**AIM OF THE EXERCISE**: Output the data that follows, keeping every line identical.

[Scraped caption text data]
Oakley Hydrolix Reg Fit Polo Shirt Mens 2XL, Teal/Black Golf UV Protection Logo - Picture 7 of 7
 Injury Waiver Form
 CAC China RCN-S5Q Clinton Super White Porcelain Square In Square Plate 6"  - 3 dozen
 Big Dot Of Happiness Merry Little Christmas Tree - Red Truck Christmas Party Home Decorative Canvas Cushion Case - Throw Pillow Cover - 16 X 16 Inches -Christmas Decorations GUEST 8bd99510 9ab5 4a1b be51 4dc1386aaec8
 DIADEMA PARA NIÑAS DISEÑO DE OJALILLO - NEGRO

**WRITTEN ANSWER**:
Oakley Hydrolix Reg Fit Polo Shirt Mens 2XL, Teal/Black Golf UV Protection Logo - Picture 7 of 7
 Injury Waiver Form
 CAC China RCN-S5Q Clinton Super White Porcelain Square In Square Plate 6"  - 3 dozen
 Big Dot Of Happiness Merry Little Christmas Tree - Red Truck Christmas Party Home Decorative Canvas Cushion Case - Throw Pillow Cover - 16 X 16 Inches -Christmas Decorations GUEST 8bd99510 9ab5 4a1b be51 4dc1386aaec8
 DIADEMA PARA NIÑAS DISEÑO DE OJALILLO - NEGRO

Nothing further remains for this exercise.